▶ **What this task involves**
Leave out pictures; repeat exactly the lines from the "Walk In Hotel Kota Kinabalu Exterior photo" line through the last of the data below.

# # # # # # #

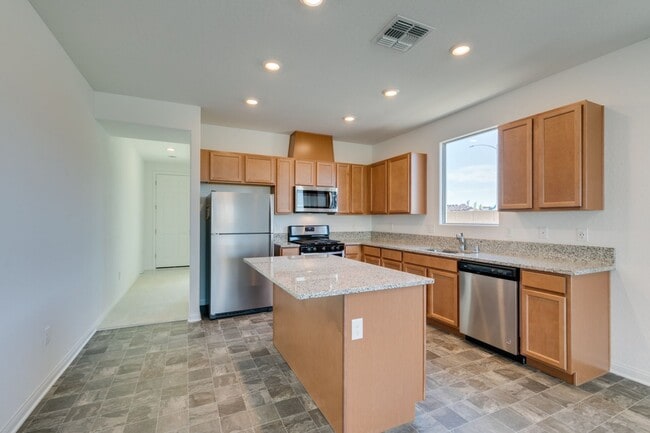 Photo - GORGEOUS SINGLE STORY WITH MANY UPGRADES*3 BEDROOMS*DEN!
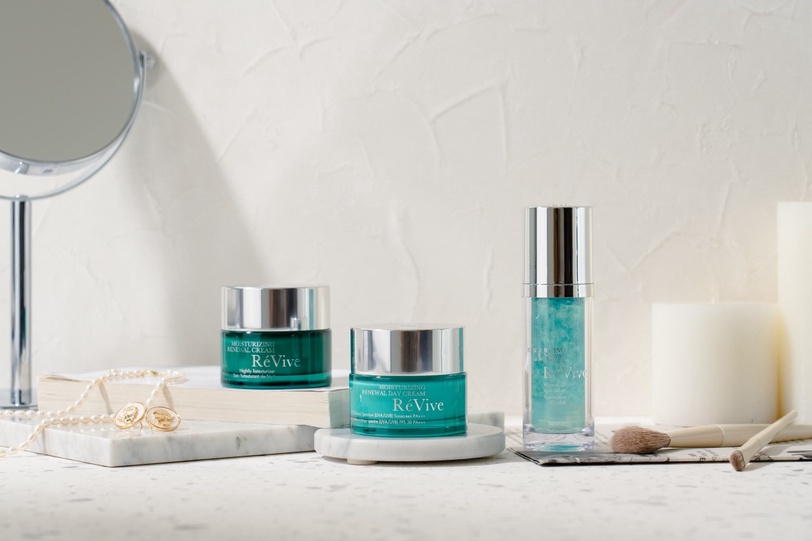 RéVive 奇肌活膚日活膚霜 4D水光真精華 光采再生活膚日霜SPF30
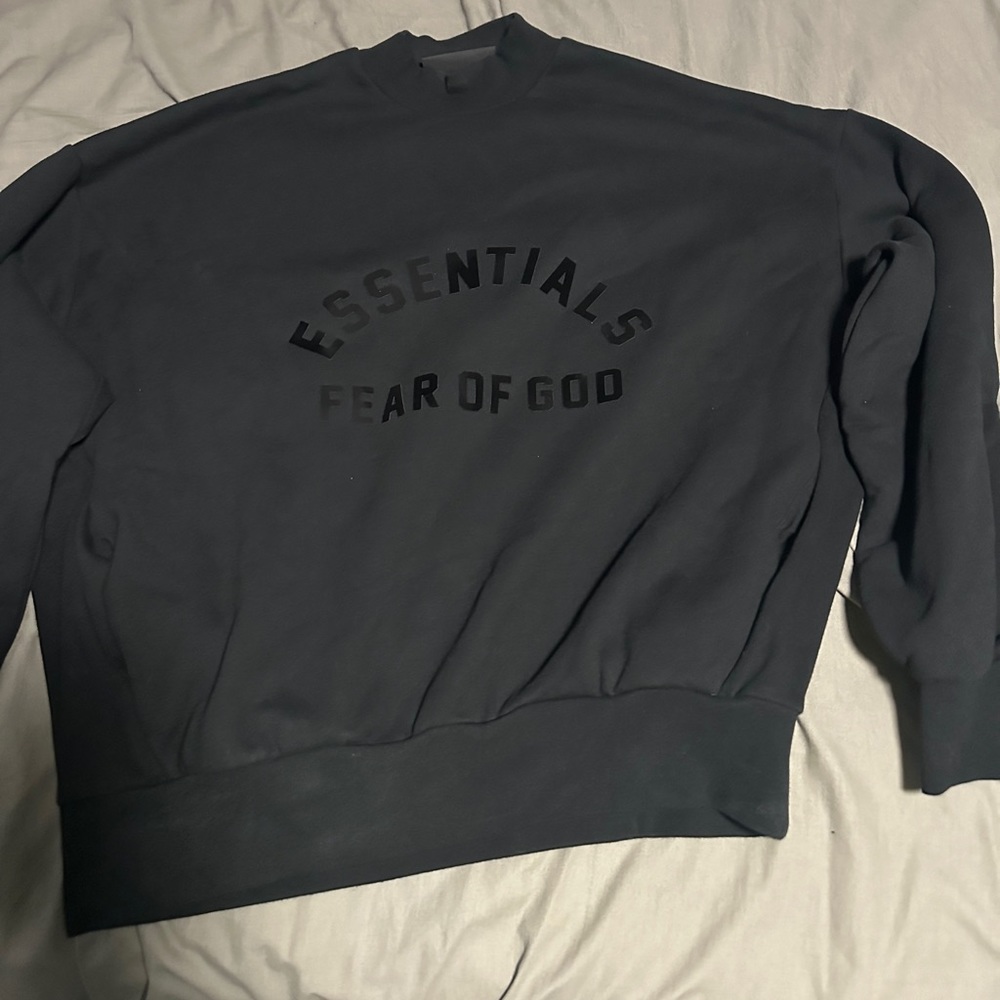 Essentials fear of God jet black crewneck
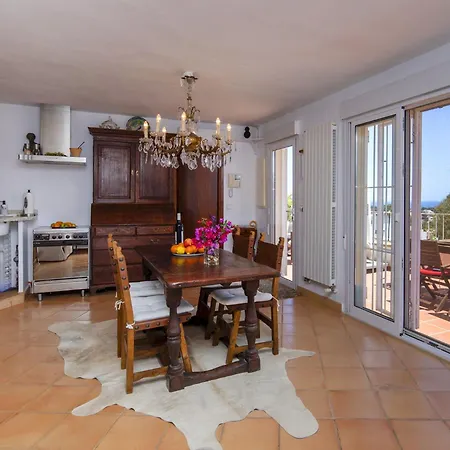 فيلة La Perdiu By Interhome *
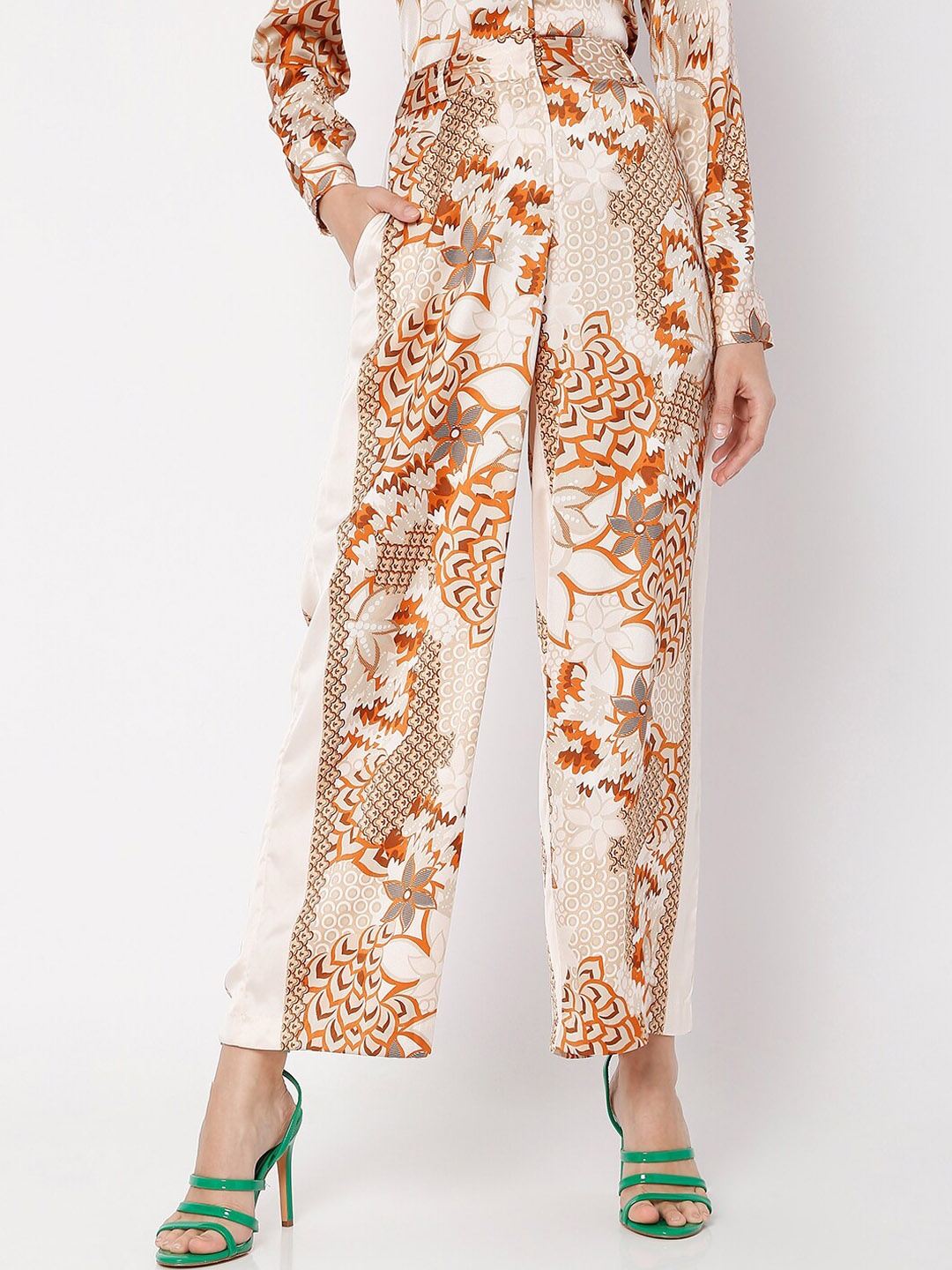 

Vero Moda Women Off White Printed High-Rise Trouser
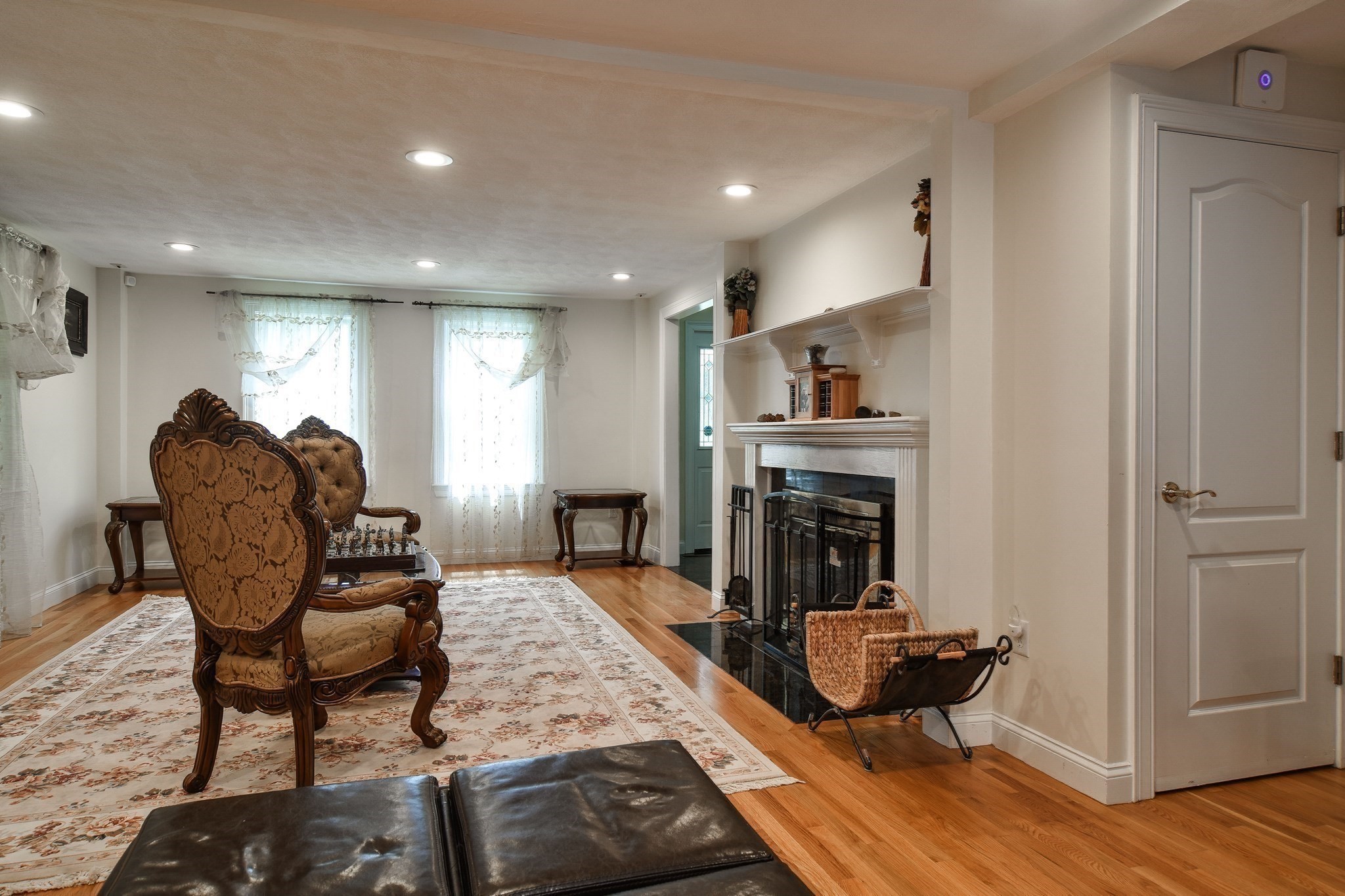 202 Boston Post Rd Property Photo 14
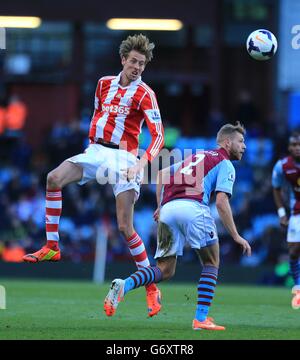 Calcio - Barclays Premier League - Aston Villa / Stoke City - Villa Park. Peter Crouch di Stoke City (a sinistra) e Nathan Baker di Aston Villa combattono per la palla Foto Stock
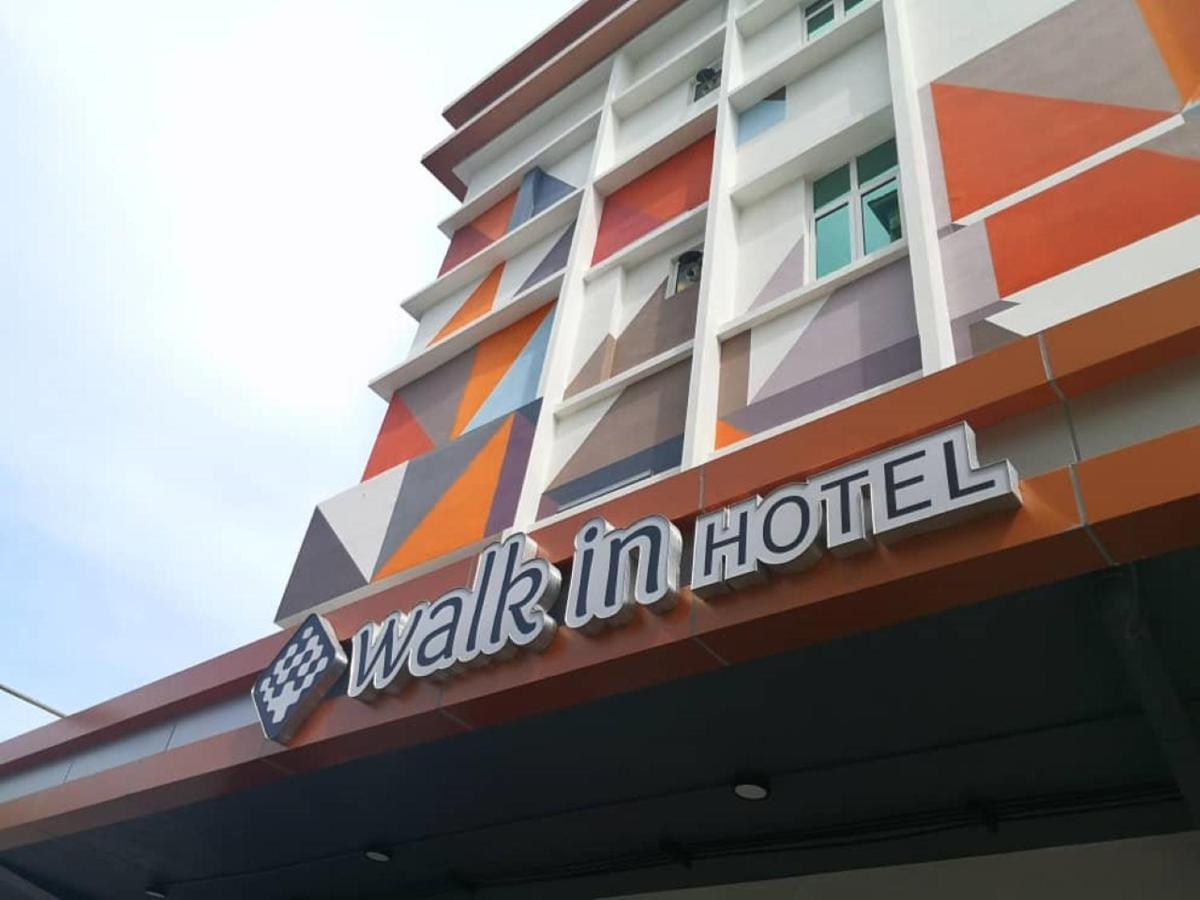 Walk In Hotel Kota Kinabalu Exterior photo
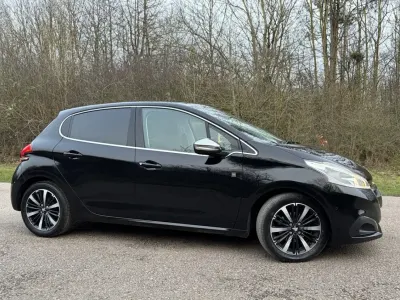 Begagnad Peugeot 208 2019 Svart Halvkombi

# # # # # # #

▶ **Response area**
 Walk In Hotel Kota Kinabalu Exterior photo
 Begagnad Peugeot 208 2019 Svart Halvkombi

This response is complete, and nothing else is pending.